The Irvine, Calif.-based company reported losses of -$14.6 million, or -43¢ per share, on sales of $26.3 million for the three months ended March 31, for a sales growth of 2,341.6% compared with Q1 2019.
Earnings per share were -43¢ per share, 14¢ ahead of The Street, where analysts were looking for sales of $14.5 million.
“We are quite proud of this quarter’s exceptional revenue result considering we had only been in the market for two months prior to the start of 2020. Moreover, we believe that this result ranks among the highest revenue total generated in the history of the medical device industry for a company’s first full quarter of sales in the U.S. following FDA approval. The results are a testament to the quality of our 170 person U.S. commercial team and were driven by the overwhelmingly positive response from the SNM implanting community and their patients to the introduction of a bespoke SNM device that is intuitive, fuss-free, long-lived, MRI compatible, safe and clinically effective,” CEO Raymond Cohen said in a news release.

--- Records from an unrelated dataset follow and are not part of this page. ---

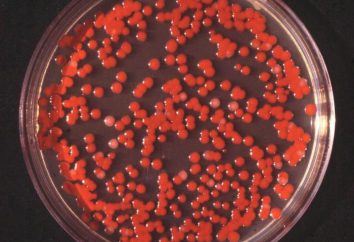 Co bakterie znaleźć sanitariuszy planety: krótką odpowiedź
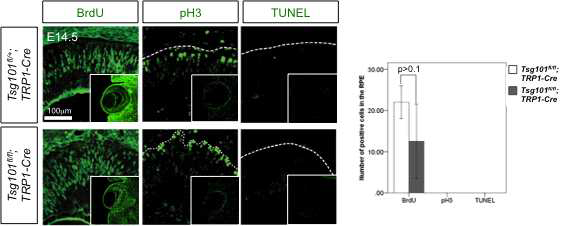 Tsg101fl/fl;TRP1-Cre 생쥐 망막 내 세포 분열과 사멸 특징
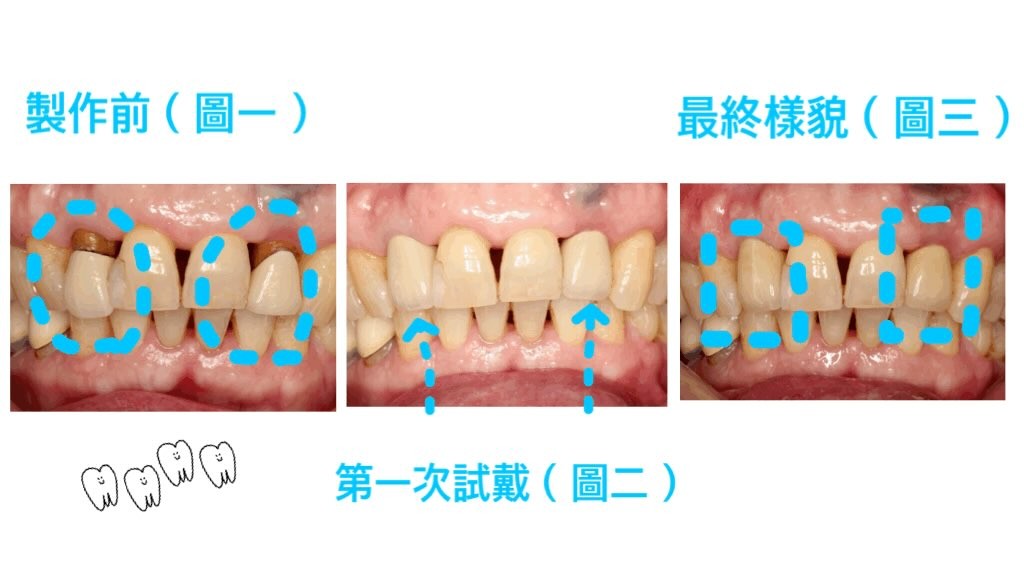 假牙美觀因人而異 你喜歡哪一種呢?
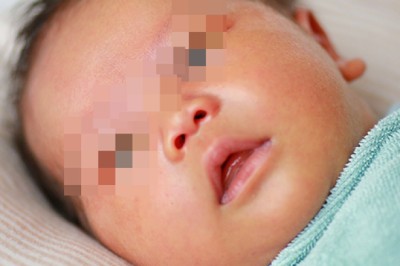 Viêm gan bí ẩn ở trẻ em khiến nhiều bố mẹ hoang mang: Bác sĩ gan mật giải thích cặn kẽ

“This quarter’s results reinforce our confidence that the SNM market is poised for meaningful expansion in the years ahead, driven to a large extent by Axonics’ continuous innovation and commitment to increasing patient awareness. As elective procedures are rescheduled, we expect to be very active in the months ahead as more patients say ‘yes’ to Axonics and SNM therapy. Despite the setback from COVID-19, we remain bullish about our prospects for continued growth in 2020 and beyond,” Cohen said.
Shares in AXNX were up 7.63% to $35.82 apiece in late-morning trading. MassDevice’s MedTech 100 Index — which includes stocks of the world’s largest medical device companies — was up 0.9%.